Segundo um dos organizadores do evento, Wenceslau Teixeira, a iniciativa tem a intenção de reunir os pesquisadores que têm como campo o Estado do Amazonas a fim de socializar idéias e novos conhecimentos. “Considero a quantidade de pesquisadores muito boa. Recebemos mais de 60 pessoas entre pesquisadores de instituições nacionais e internacionais, como membros da Universidade do Kansas (EUA), Beirute (Alemanha) e Wageningen (Holanda)”, observou.
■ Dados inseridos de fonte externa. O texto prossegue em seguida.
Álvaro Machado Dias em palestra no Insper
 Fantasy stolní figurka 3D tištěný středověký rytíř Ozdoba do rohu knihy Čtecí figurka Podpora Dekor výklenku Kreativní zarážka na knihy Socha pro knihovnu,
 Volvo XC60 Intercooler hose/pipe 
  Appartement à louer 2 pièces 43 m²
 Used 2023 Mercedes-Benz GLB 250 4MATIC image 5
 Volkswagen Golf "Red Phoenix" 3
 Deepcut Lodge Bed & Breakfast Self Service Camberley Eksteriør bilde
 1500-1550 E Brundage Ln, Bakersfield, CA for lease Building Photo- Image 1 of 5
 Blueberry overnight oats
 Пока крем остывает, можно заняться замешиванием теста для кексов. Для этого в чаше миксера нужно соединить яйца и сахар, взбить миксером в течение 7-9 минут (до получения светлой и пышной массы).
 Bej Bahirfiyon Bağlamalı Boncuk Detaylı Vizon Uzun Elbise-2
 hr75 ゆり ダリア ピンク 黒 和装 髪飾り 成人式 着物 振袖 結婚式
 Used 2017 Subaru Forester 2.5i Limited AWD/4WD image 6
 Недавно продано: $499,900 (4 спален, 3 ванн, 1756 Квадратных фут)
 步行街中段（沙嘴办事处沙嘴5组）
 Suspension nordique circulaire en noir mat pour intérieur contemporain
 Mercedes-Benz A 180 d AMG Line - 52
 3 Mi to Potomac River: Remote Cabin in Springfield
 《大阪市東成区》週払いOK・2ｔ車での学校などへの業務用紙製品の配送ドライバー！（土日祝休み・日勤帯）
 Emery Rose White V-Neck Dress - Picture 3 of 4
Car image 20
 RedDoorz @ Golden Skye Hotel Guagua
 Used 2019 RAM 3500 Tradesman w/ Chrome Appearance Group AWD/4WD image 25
A cientista social Lílian Rebellato, mestre em Arqueologia pela Universidade de São Paulo (USP), destacou a importância do evento quanto ao caráter multidisciplinar. “Sem a socialização dos conhecimentos e se permanecermos isolados cada um na sua área, não vamos chegar a lugar algum. Um tema como a terra preta de índios é importante para o geógrafo que vai estudar sobre a região onde essas populações viviam, para uma cientista social que busca compreender como as populações indígenas se organizavam”, completou.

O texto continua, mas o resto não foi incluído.